Traditional approaches to risk management put managers and senior executives at the helm, tasked with anticipating, identifying, avoiding and containing certain risks. But could a bottom-up mindset prevent more problems from happening in the first place?
More and more companies are providing all of their employees with a greater degree of risk management training and action. This approach has been adopted by Progeny, an independent financial planning and asset management firm. Chief Risk Officer (CRO) Charlotte Willis believes that risk management and reporting is everyone’s responsibility, a concept that can lead to the quick and effective implementation of actions and the resolution of problems.
“As staff have invested time and energy to help develop strategies and action plans, their commitment and accountability is almost always assured from the start, compared to a purely top-down approach,” says Willis. .
Each line of business within Progeny has initial responsibility for identifying and quantifying risks using a risk management framework. However, significant work has been undertaken with team leaders to help them understand how their decisions affect the company as a whole, as well as their own specific areas.
Together with department heads, they can escalate new or emerging risks to a risk and audit committee, which in turn works with the CRO, management team, and board to prioritize those risks.
When teams embrace and accept responsibility, it also means better alignment in pursuing new strategies or business goals, Willis adds. However, establishing a consistent approach to risk management is a challenge, she admits.
“Some departments are naturally more opportunistic and enterprising, while others are perhaps more naturally governed and risk averse. This places more emphasis on formalizing the requirements and responsibilities of all staff,” he explains. -she.
It will always be up to individual CROs to decide if a bottom-up approach is right for their business and industry. For Michael Brown, health and safety content manager at compliance firm Citation, this brings a number of health and safety management benefits, as employers have a legal obligation consult their employees or representatives on health and safety matters.
“Employees themselves can often come up with solutions that are overlooked by management because they know better how the work is actually done,” he says.
Such a pathway can also mitigate risk when new processes or equipment are implemented in the workplace, ensuring that any concerns are not overlooked, according to Brown.
“Consulting in these cases helps to identify the potential risks and hazards of a new process before it is fully operational, saving time, effort, money and, most importantly, it can avoid possible injuries due to potential misuse of the equipment later on,” he explains.
In financial services, the risks can be acute. Dr. Luke Carrivick is Deputy Executive Director of ORX, the world’s largest member organization for operational risk professionals in financial services. He thinks a bottom-up approach is a “great way to get real risk takers to think more clearly about what they’re doing”.
However, he points out a downside: too narrow a focus on insights by individuals or teams can mean that some broader risks could be missed.
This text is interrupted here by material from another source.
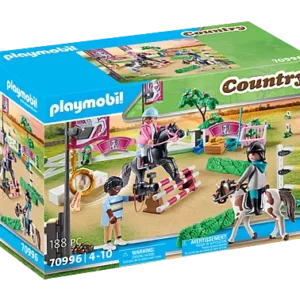 PLAYMOBIL COUNTRY PARCOURS D’OBSTACLE AVEC CHEVAUX REF 70996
For example, ensuring the aggregation of similar risks which, taken individually, could be immaterial, but combined could be significant.
A more contemporary approach is now being used, similar to crowdsourcing, says Dr. Carrivick, with a diverse set of people interviewed on a particular topic, within or even across institutions. In cases where people don’t know what to watch out for or look for, what he describes as “noisy information from a range of sources” should be gathered when identifying new or emerging risks.
“Some banks are testing the concept of crowdsourcing,” he explains. Industry studies such as ORX Horizon are based on this principle, he notes, with the latest version identifying emerging technologies as the most concerning emerging operational risk for the financial services industry.
Risk management is also becoming increasingly digital, with the digitalization of finance bringing the automation of previously manual processes. “By integrating risk management into the regular process and becoming increasingly reliant on metrics that can be captured automatically, this bottom-up, data-driven activity monitoring then begins to help you understand your risk profile.” , adds Carrivick. .
Confidence and creativity
It is essential to recognize that employees in the field are closest to the operation and have “a wealth of experience and knowledge about the causes of disruptions”, believes Julie Goddard, business continuity consultant at Databarracks, who offers a range of IT disaster recovery and business continuity service solutions. “They also tend to come up with creative and smart solutions, because they probably already do that to some degree when navigating their day-to-day work,” she says.
Goddard also notes the importance of developing trust within the hierarchy, so that employees know their views are valued, while management must agree on thresholds within which they would be happy for staff to manage them. -even the risks. This can be based on their business’ risk appetite and be a cost value, the number of customers affected, or the extent of the disruption. Above the defined level, issues would then be escalated.
A bottom-up approach to risk management should now underpin business strategy and opportunities, Willis advises. “The more everyone in the company is engaged in what is too often a difficult topic, the better for everyone,” she says. “Risks can be reduced and opportunities can increase, which can have a truly positive impact on business growth and a company’s bottom line, while improving client outcomes and delivering exceptional client service. ”
To achieve this, CROs could always follow a simple advice from Goddard. “If you’re brave enough, put a sign on the mirror in the restroom that says, ‘You’re looking at the organization’s risk consultant’.”